Perché i rapper a un certo punto vogliono fare pop?

Nasci rapper e cresci cantante pop. È una parabola tutt’altro che fantastica o favolistica, ma anzi sempre più sdoganata e reale, soprattutto da quando il rap ha assaporato le vette del mainstream, il pop se ne è accorto e non solo l’ha abbracciato, ma lo ha anche morso come un vampiro, trasformandolo. L’ultimo a essere finito sul braciere dei puristi è stato Tedua che, con il suo “Paradiso”, la deluxe de “La Divina Commedia”, si è aperto, solcando melodie più ampie, cantando e facendo pezzi d’amore in maggioranza dal piglio radiofonico. Ma il punto, lasciando fuori dalla discussione un radicalismo inutile e nocivo, non è giocare con il pop, ma è il come lo si fa. Il rap, da sempre, si contamina, si mischia con altre influenze, il contagio, inteso come contagiare ed essere contagiato, è nella sua natura più profonda.
La sensazione, però, è che molti rapper di oggi, soprattutto diversi di nuova generazione, per accelerare la scalata, lo facciano scimmiottando gli stilemi del genere pop senza una reale identità, con il solo obiettivo di allargare la propria fanbase, di essere passati maggiormente dalla radio, di arrivare a solcare il palco dell’Ariston e, banalmente, di riuscire a essere accettati da un pubblico che non avrebbero mai intercettato se non così. Pare che, a un certo punto della carriera, il rap non basti più per sentirsi “artisti”, quasi ci fosse un immotivato complesso di inferiorità nei confronti del pop. Ma torniamo al punto centrale: è il come si sfornano potenziali hit più aperte il cuore del ragionamento perché la hit più pop, in sé, non ha motivo per essere demistificata. Prendiamo Fabri Fibra: un artista capace, da “In Italia” fino a “Propaganda” di sfornare brani più accomodanti musicalmente in cui, però, testualmente inserisce significati e parole tutt’altro che rassicuranti, talvolta velenose. È la sua specialità. Si canta spensierati, ma si canta la tragedia.

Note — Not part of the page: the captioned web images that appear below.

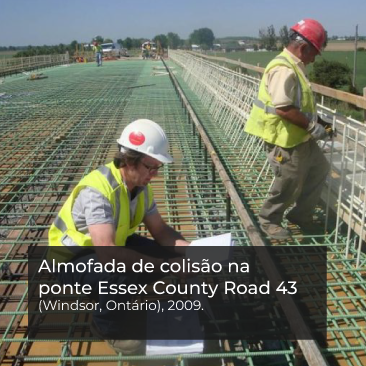 Almofada de colisão na ponte Essex County Road 43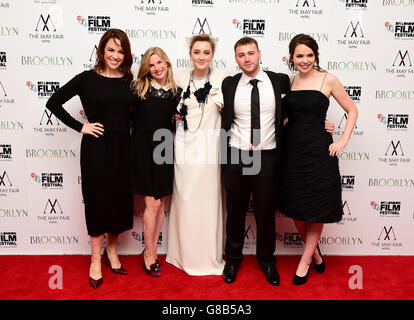 (L-R) Eve Macklin, Eva Birthistle, Saoirse Ronan, Emory Cohen und Eileen O'Higgins bei der offiziellen Vorführung von Brooklyn während des 59. BFI London Film Festival im Odeon Leicester Square, London. DRÜCKEN Sie VERBANDSFOTO. Siehe PA Story SHOWBIZ Brooklyn. Bilddatum: Montag, 12. Oktober 2015. Bildnachweis sollte lauten: Ian West/PA Wire Stockfoto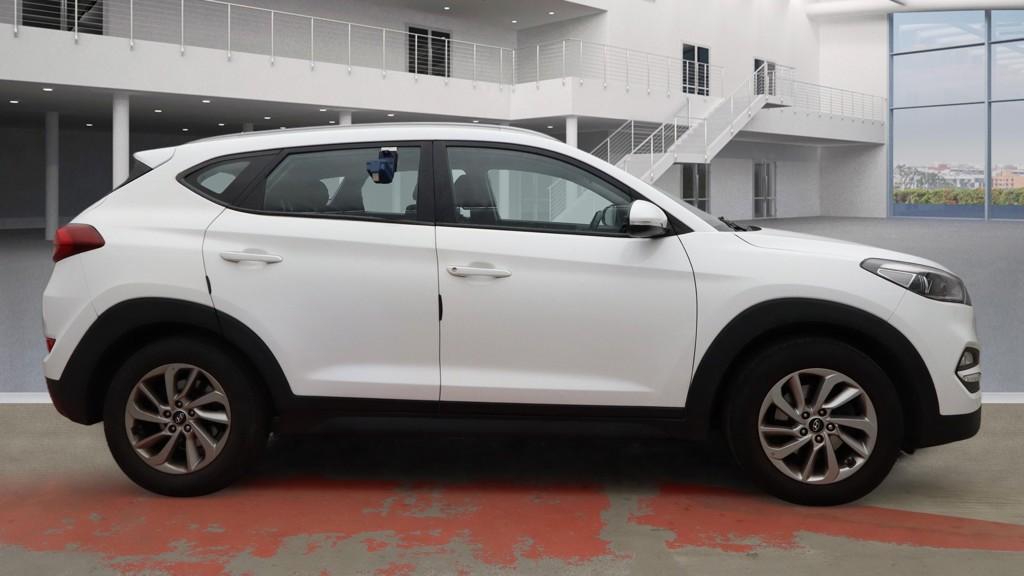 Hyundai TUCSON 1.7 CRDi Blue Drive SE Nav SUV 5dr Diesel Manual Euro 6 (s/s) (116 ps)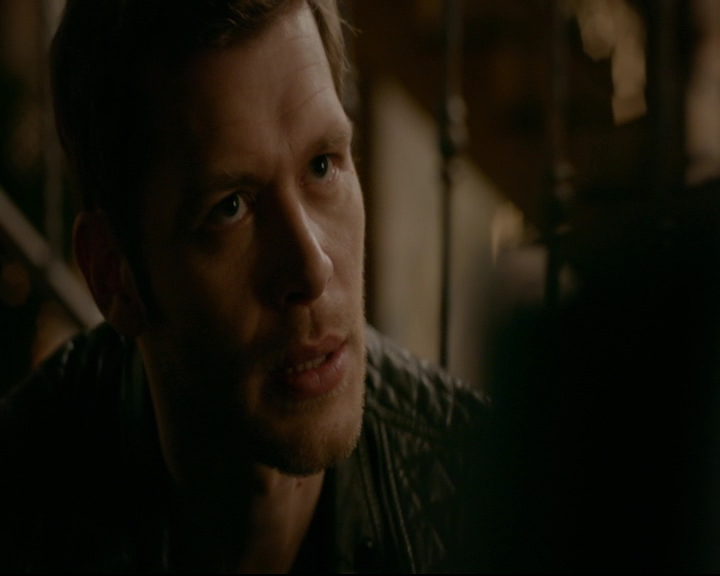 vampirediariesworld-dot-nl_TheOriginals5x10ThereInTheDisappearingLight00898.jpg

Fibra è l’emblema del come si possa sfondare nel mainstream, ma senza finire a fare banali canzoncine d’amore, rimanendo legati a quelle che tutti i rapper dovrebbero difendere: le radici dell’hip hop. C’è chi in quel campionato ad alto tasso di mainstream ci è finito con un incidente, vedi il caso di “Superclassico” di Ernia, che però rimane un rapper che non ha voluto cavalcare in modo troppo esagerato quell’onda, chi ha saputo giocarsi le sue carte in modo intelligente, si legga alla voce “Cenere” di Lazza, la vera canzone vincitrice del Festival di Sanremo 2023, e chi lo ha fatto con un timbro di appartenenza e autenticità particolare: “Crazy love” di Marracash. Questi sono casi molto differenti tra loro, ma virtuosi. Quest’ultimo, in particolare, “Crazy love”, è un pezzo senz’altro pop d'amore, ma musicalmente e liricamente ricco di personalità e perfettamente integrato nel disco “Noi, loro, gli altri”. E questo fa la differenza, in modo sostanziale. È un pezzo di Marracash, non è Marracash che canta, come se fosse un cosplayer, un brano pop. Questo tipo di approccio dovrebbe essere un faro.

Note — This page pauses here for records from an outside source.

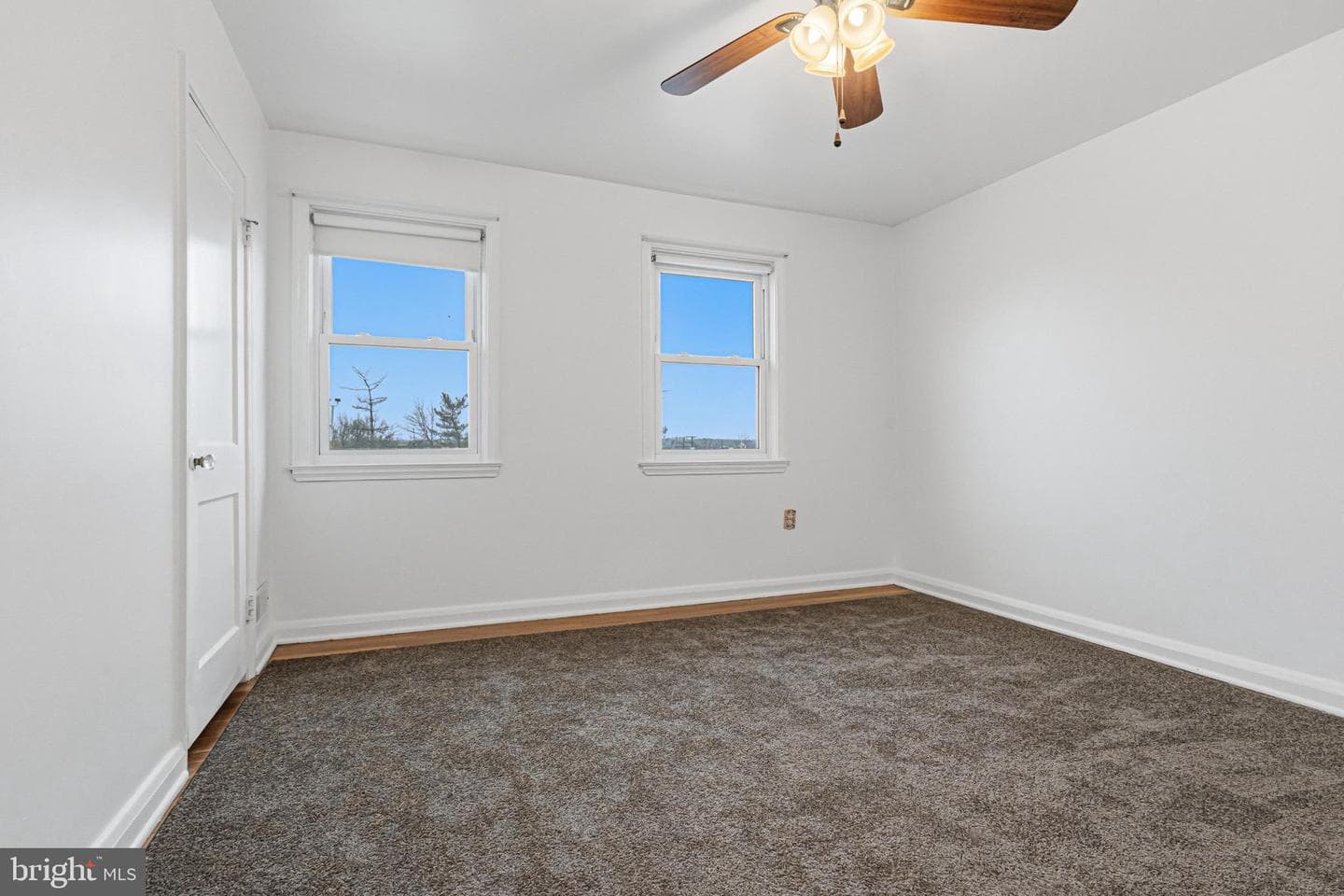 7107 Baltimore Street photo 16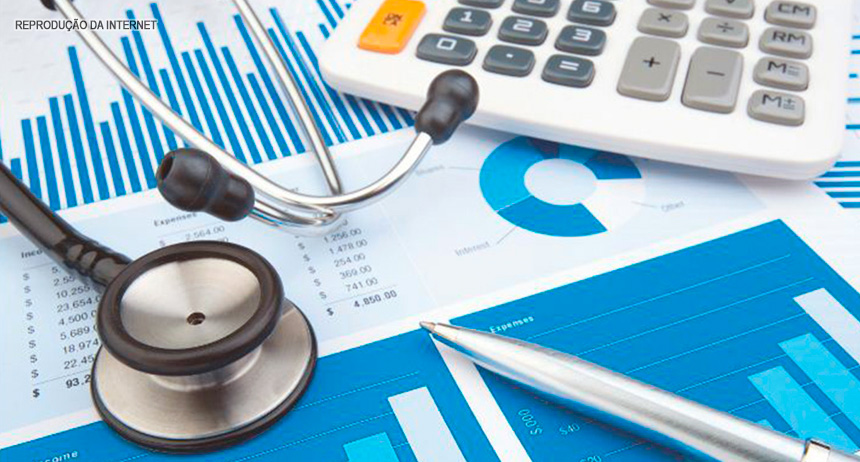 Médicos x Deuses x Gestores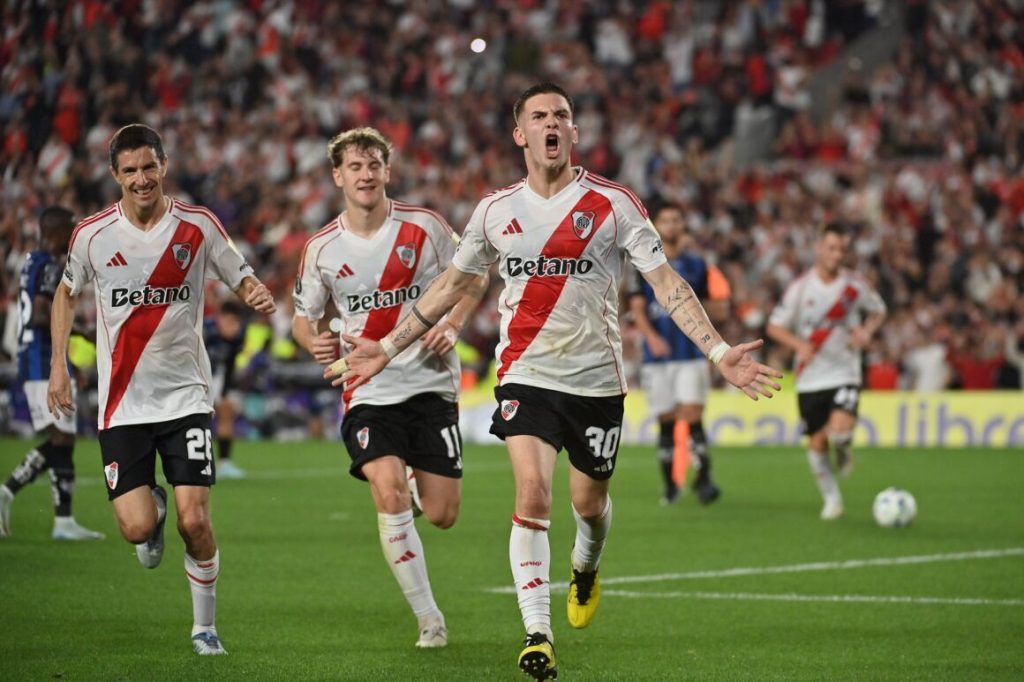 Franco Mastantuono de River Plate celebrando gol ante Independiente del Valle en Copa Libertadores. 7 X: @RiverPlate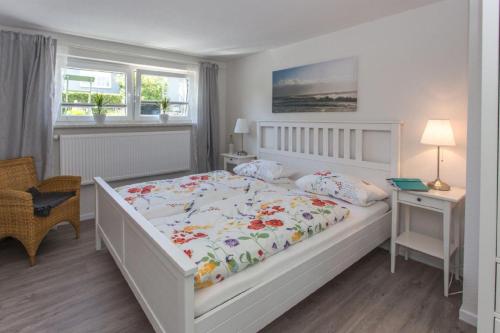 キュールングスボルンにあるHaus-Krischanweg-WE-1-9920のベッドルーム1室(白いベッド1台、デスク、窓付)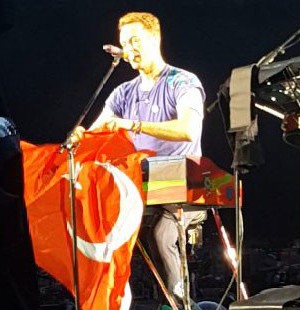 Coldplay, konserinde Türk bayrağı açtı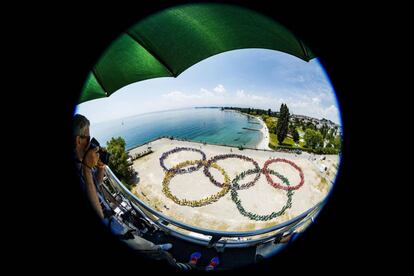 Alrededor de 1.200 niños de entre 9 y 10 años de edad representan una coreografía para formar los anillos olímpicos junto al Lago Lemán, un evento organizado por el Comité Olímpico Internacional y la ciudad de Lausana, en Suiza.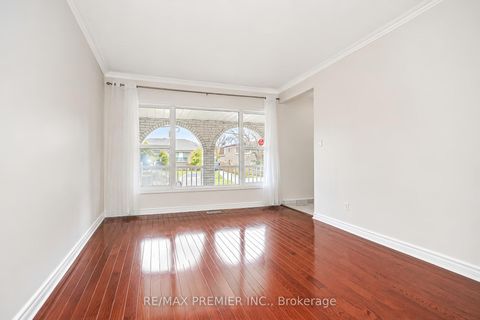 Photo 14 at 14 Yatescastle Drive, Jane Heights, Toronto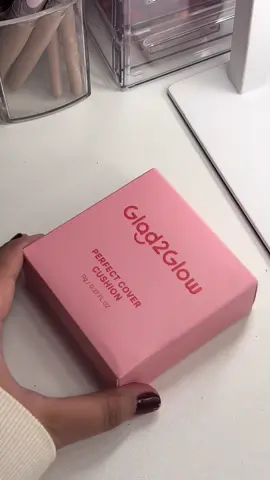 OMG!!! from 399 to 344 go get urs girlypop! 🩷 @Glad2Glow.ph #foryoupage #fyp #glad2glow #cushion #makeup 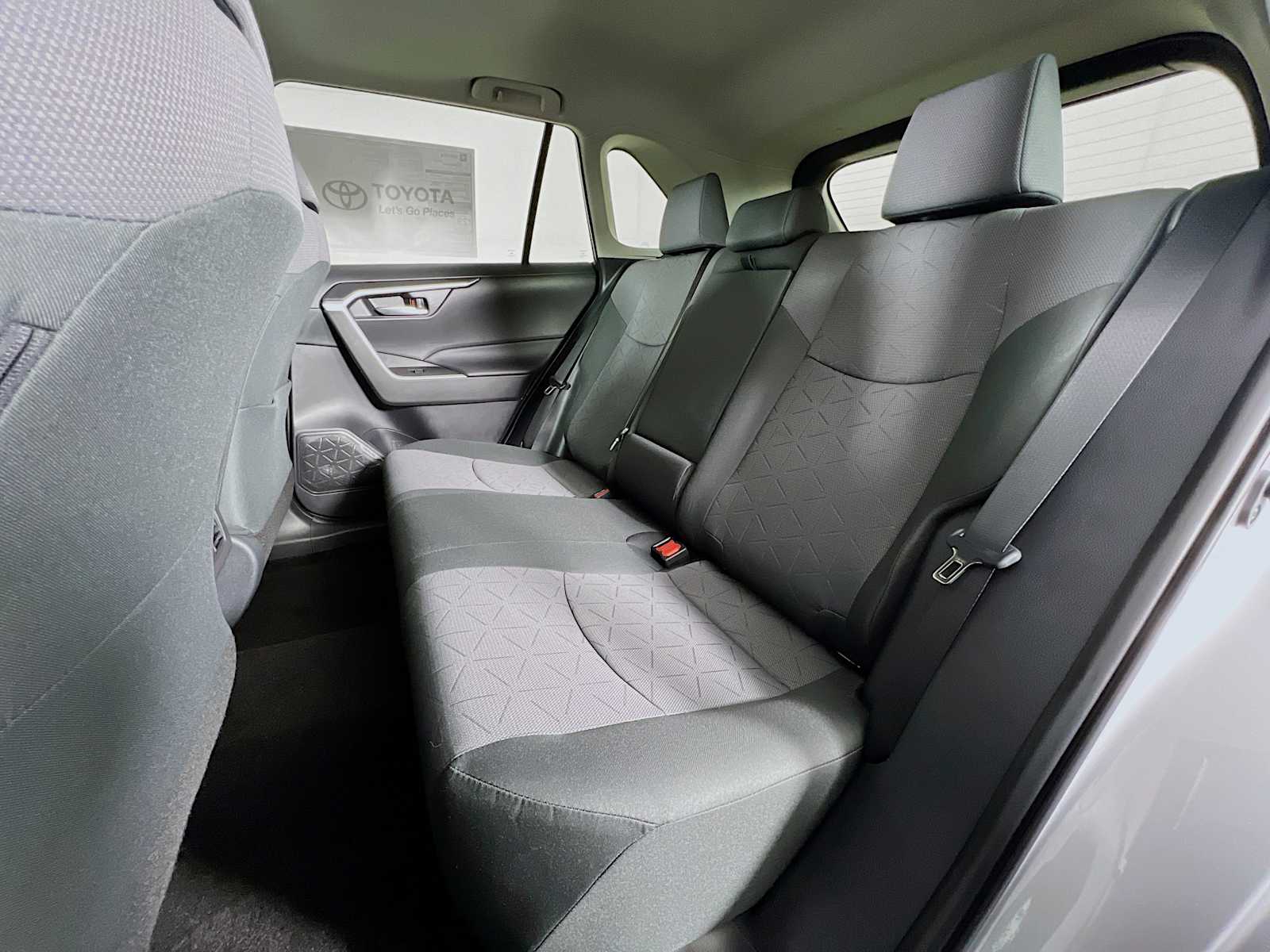 2025 Toyota RAV4 XLE - Photo 13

Si possono fare canzoni più aperte mantenendo i propri abiti. Ed è quello che succede anche tra le pieghe della carriera di big internazionali: Eminem, Kanye West, 50 Cent, Drake, per fare esempi diversi tra loro, hanno realizzato, chi più o chi meno, diverse hit dal tiro più morbido, o sfruttando ritornelloni magari femminili o melodie più aperte, ma spesso figlie evidenti del loro estro. L’inseguire i canoni pop, senza una reale consapevolezza, mettendo a soqquadro la propria identità, spesso viene giustificato dietro la foglia di fico della “versatilità” o della “sperimentazione”. La verità è che è materia incandescente, pericolosa, soprattutto quando non è legata a “episodi”: per un rapper buttarsi dentro un altro campo da gioco, in modo magari premeditato, a tavolino, ma senza idee o peggio con idee copiate da altri, rischia di disorientare il pubblico per poi finire a creare crisi anche nello stesso artista.